Una definizione che collima alla perfezione con L’occupazione
del suolo: il
ritratto di Sylvie Fabre, un enorme murale pubblicitario esposto al
vento, alla pioggia, agli elementi naturali (e non) è quasi un’opera
di landscape art che deve assorbire quell’aria, quel clima,
quell’atmosfera, in cui “per negligenza o per volontà, si
lasciava deperire lo spazio”. E’ tutto quello che rimane di lei
al padre e al figlio Paul e quando la costruzione di un
nuovo palazzo va a coprire il dipinto, i tentativi di restargli
vicino, di vederla ancora, determinano anche la consapevolezza di ciò
che non si vedrà più perché come diceva un altro grande
architetto, Bernard
Tschumi, “un oggetto di architettura non è architettonico perché
seduce o perché adempie a qualche punizione pratica, ma perché
mette in moto l’inconscio e le operazioni di seduzione”.
L’occupazione
del suolo
in sé non è meno attraente dell’immagine dipinta sul muro, ma è
il contesto di Parigi e della sua evoluzione a determinare i
movimenti principali, le scosse che arrivano a mostrare nuovi profili
e nello stesso tempo a oscurarne altrettanti. Il segreto, neppure
tanto invisibile nel minuscolo capolavoro di Jean Echenoz, sta
proprio nel trascrivere le emozioni dello sguardo per quelle
variazioni architettoniche. La sensazione sembra quella
descritta negli stessi anni da Jean Vautrin: “Ecco cosa ho visto,
ma nessuno è obbligato a crederci”. E’ un punto ben preciso
sulla mappa. L’occupazione del suolo, è delimitata da quai
de Valmy che corre lungo il canale Saint-Martin, il santo dei
traslochi, e lì, sul suo fondo “si
trovavano troppo poche armi del delitto, gli unici scheletri erano
armature di sedie di ferro, carcasse di ciclomotori. Per il resto,
solo cerchioni e pneumatici scompagnati, marmitte, manubri; la
proporzione di bottiglie vuote sembrava normale, in compenso la
quantità di carrelli di ipermercati rivali era sconcertante”.

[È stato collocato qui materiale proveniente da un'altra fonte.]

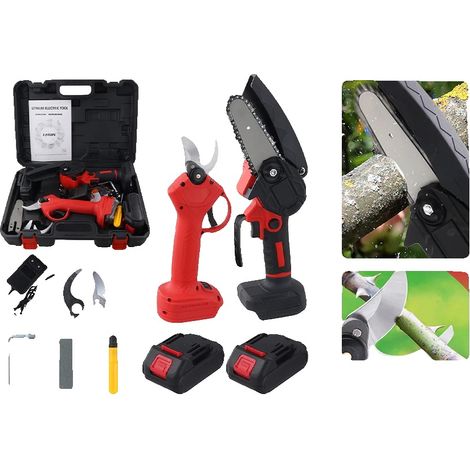 Sierra eléctrica, longitud de la barra guía de 15 cm, potencia máxima de 650 W, velocidad de corte de 5 m/s, incluye 2 baterías, diseño ergonómico. (1/5)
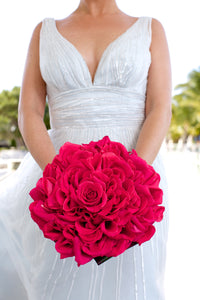 Angel Sanchez 'Unique Creation' size 4 used wedding dress front view on bride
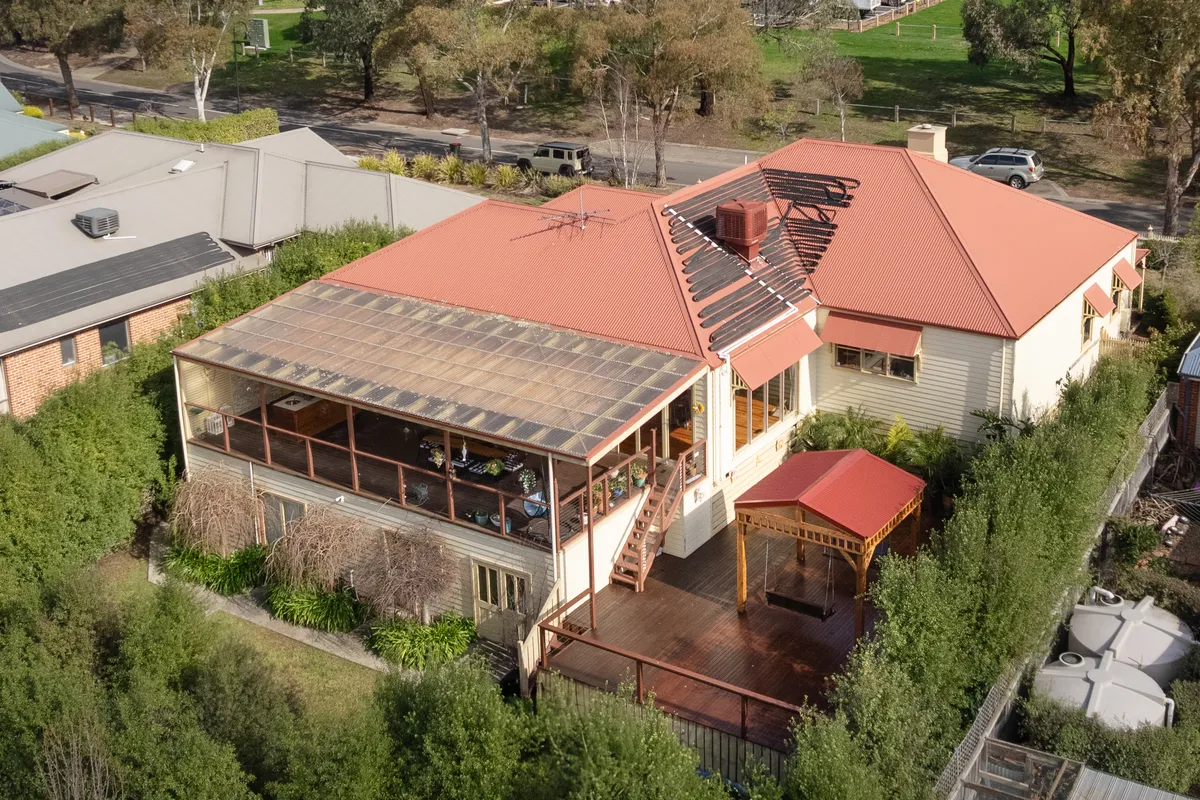 Aerial view of completed home and deck by MNA Builds in Doreen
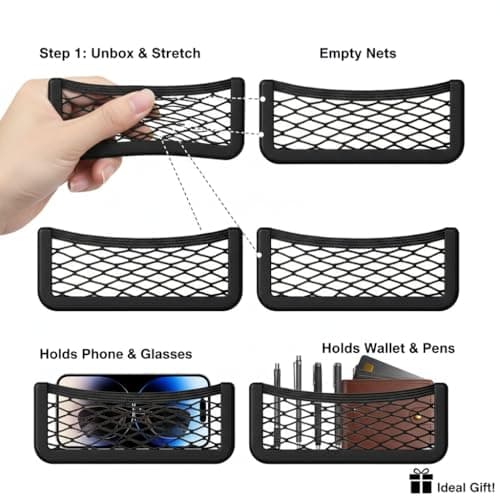 2 Pack Black Mesh Car Storage Organizer - Elastic Net Bag with Smartphone Holder & Plastic Frames for Cars, Vans, Motorhomes — view 4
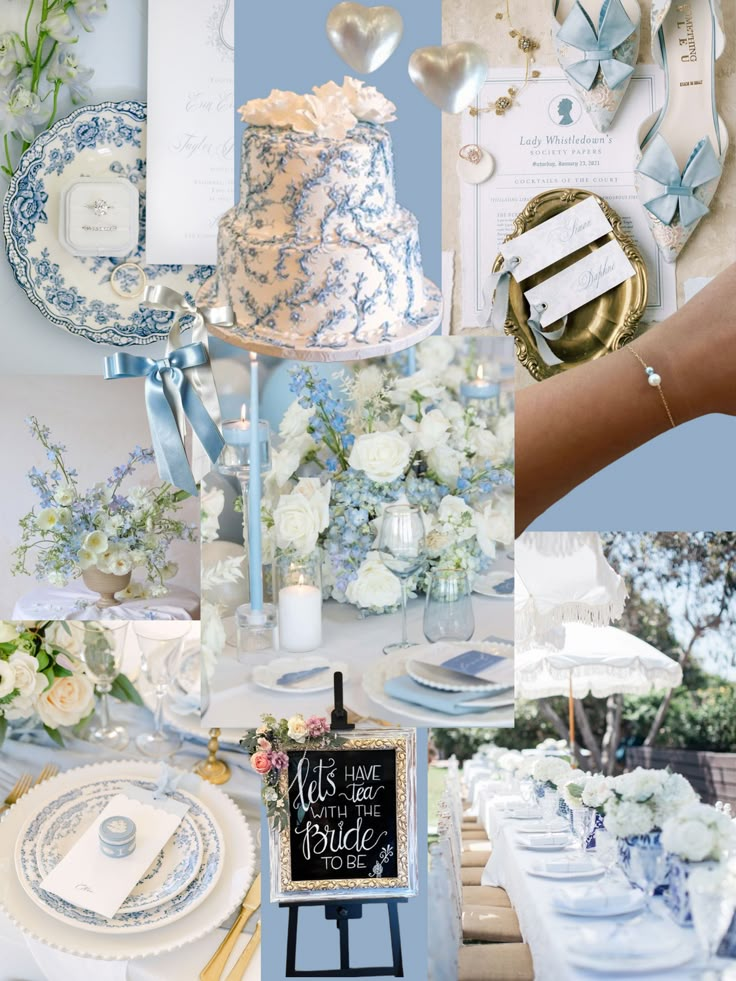 a collage of photos with blue and white decor on it, including a cake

La vocazione del cantiere è innata perché la via, in origine, quai
de Louis XVIII, si sviluppa proprio per la costruzione del canale, a
cui è legata in modo indissolubile. In quegli anni Parigi è tutta
un cantiere verso il futuro, un’onda lunga partita dal Beaubourg e
culminata nella costruzione dell’Institut du Monde Arabe, della
Villette e della Cité des Sciences et dell’Industrie, ma come
scriveva Edmond Jabès, contemporaneo a Jean Echenoz, “la tua città
è un miraggio. La terra, rispetto all'universo, un uccello perduto,
dalle ali troppo fragili per sfidare, sola, l’ignoto. Cammina su
questo pianeta così maneggevole che un niente lo fa girare. Dove
sei? Caduto nella trappola del reale e dell’inverosimile. Cercando
l’uscita”. Padre e figlio restano impigliati proprio lì: quando
di Sylvie Fabre rimane soltanto la pubblicità di un profumo, non
sfugge il simbolismo, anche se Jean Echenoz la tratta con gentilezza.
L’icona prende vita non per le necessità del commercio, ma per la
nostalgia, per il vuoto che ha lasciato e che ha fatto implodere i
legami famigliari. Il pellegrinaggio davanti alle inarrivabili
dimensioni di Sylvie Fabre è il tema costante di un racconto che ha
il ritmo della ballata di uno chansonnier, ma con un sottofondo
minimalista di rumori e distorsioni impercettibili, che disturba quel
tanto che è giusto. La declinazione dei tempi è enigmatica e l’uso
del condizionale un’incongruenza perfetta nello stile perché rende
benissimo l’idea di un tempo transitorio, dove L’occupazione
del suolo genera distorsioni significative nella percezione dei
luoghi perché “basta un oggetto per avviare una catena, se ne
trova sempre uno che sigilla ciò che lo precede, colora ciò che
seguirà, così, al normografo, l’avviso del permesso di
costruzione. Poi è tutto molto rapido, qualcuno probabilmente si è
venduto l’anima assieme allo spazio, c’è il buco”. Sì,
L’occupazione del suolo è la dimostrazione che in poche
parole (una trentina di splendide pagine) si può dire tutto.